Debt & Borrowing Glossary

What is Debt-to-Income Ratio?

Debt-to-income ratio compares monthly debt repayments with gross monthly income. It helps show how much of your income is already committed to borrowing.

What is debt-to-income ratio?

Debt-to-income ratio, often shortened to DTI, is the percentage of your gross monthly income that goes towards monthly debt repayments.

DTI quick reference

Short name DTI
Measures Monthly debt payments as a share of gross monthly income.
Used for Affordability checks, loan planning and debt pressure reviews.
Does not include Every living cost, savings goal or emergency expense.

Debt-to-income ratio explained in plain English

Debt-to-income ratio shows how much of your income is already spoken for by borrowing. If you earn £3,000 gross per month and your debt repayments are £900 per month, your DTI is 30%.

DTI is useful because income alone does not show affordability. Someone earning £5,000 per month with £2,500 of debt repayments may be under more pressure than someone earning £3,000 per month with £300 of repayments.

Lenders may look at DTI alongside credit history, income stability, living costs, existing commitments and the type of borrowing you want. A lower DTI can suggest more room for repayments, while a higher DTI can suggest more financial pressure.

DTI is not a full budget. It does not automatically account for rent, mortgage, childcare, bills, food, transport, savings or irregular expenses. It is a debt pressure measure, not a complete affordability guarantee.

Debt-to-income ratio formula

Add up monthly debt repayments, divide by gross monthly income, then multiply by 100.

DTI = (monthly debt repayments ÷ gross monthly income) × 100 Example: monthly debt repayments = £900 gross monthly income = £3,000 DTI = (£900 ÷ £3,000) × 100 DTI = 30%

Calculate your DTI

Use the debt-to-income ratio calculator to compare monthly debt payments with gross monthly income.

Use DTI calculator

What counts as monthly debt?

DTI usually focuses on regular debt commitments rather than every household bill. The exact items may vary depending on the lender or purpose of the check.

Usually included Usually not included in basic DTI
Loan repayments Food and grocery spending
Credit card minimum payments Utility bills
Car finance payments Transport costs
Student loan or other debt deductions where relevant Insurance and subscriptions
Mortgage or rent may be included in some affordability views Savings goals and emergency fund contributions

For personal planning, you may want to calculate both a debt-only DTI and a broader affordability view that includes rent or mortgage and essential living costs.

Simple DTI examples

These examples show why the same income can feel very different depending on existing repayments.

Gross monthly income Monthly debt payments DTI What it suggests
£3,000 £300 10% Low monthly debt pressure.
£3,000 £900 30% Moderate debt pressure.
£3,000 £1,500 50% High debt pressure and less room for bills or emergencies.

Why lenders use DTI

Lenders use affordability checks to decide whether new borrowing looks manageable. DTI is one useful indicator because it shows how much income is already committed to repayments before adding another loan, card or finance agreement.

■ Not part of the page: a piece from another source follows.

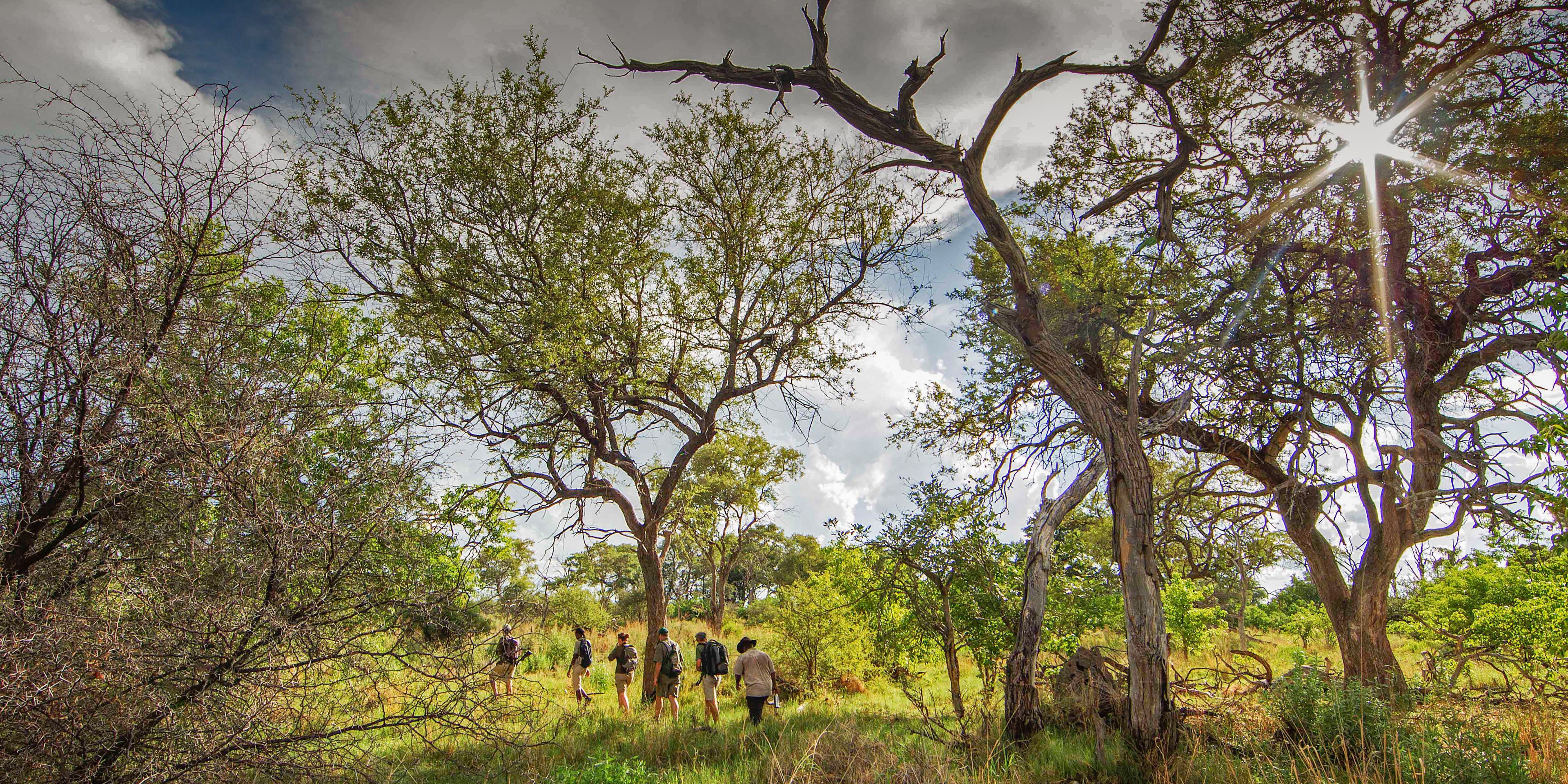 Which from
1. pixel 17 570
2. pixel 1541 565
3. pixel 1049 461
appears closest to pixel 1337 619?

A high DTI can suggest that a borrower has less spare income for new repayments. It may also mean a small change in bills, income or interest rates could create payment pressure.

Check before taking new credit

Use the loan repayment calculator alongside DTI to see how a new monthly payment would change your debt pressure.

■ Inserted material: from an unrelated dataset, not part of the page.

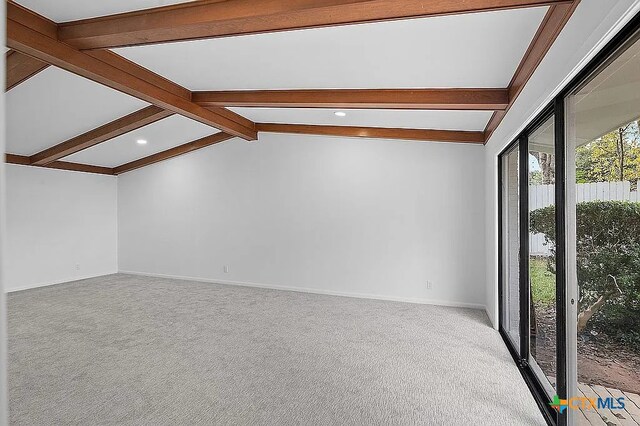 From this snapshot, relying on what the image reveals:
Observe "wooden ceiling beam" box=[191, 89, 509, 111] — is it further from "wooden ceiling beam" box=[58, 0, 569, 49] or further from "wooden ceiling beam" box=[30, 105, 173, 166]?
"wooden ceiling beam" box=[58, 0, 569, 49]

Use loan repayment calculator

DTI vs affordability

DTI Compares monthly debt repayments with gross monthly income.
Affordability Looks at whether repayments fit your real-life budget after bills and living costs.
Credit score Reflects credit history and behaviour, not just monthly repayment pressure.
Disposable income Income left after essential commitments, bills and spending.

A low DTI does not always mean a new debt is affordable, especially if rent, bills or childcare costs are high. A budget check is still needed.

How to improve DTI

  • Pay down existing debts: reducing monthly repayments can lower DTI.
  • Avoid taking new credit: new monthly repayments can push DTI higher.
  • Clear small balances: removing a monthly payment can improve the ratio.
  • Increase income: higher gross income can reduce the percentage if debt payments stay the same.
  • Refinance carefully: lower payments can improve DTI, but check whether the total cost increases.
  • Build a repayment plan: snowball or avalanche methods can help reduce outstanding commitments over time.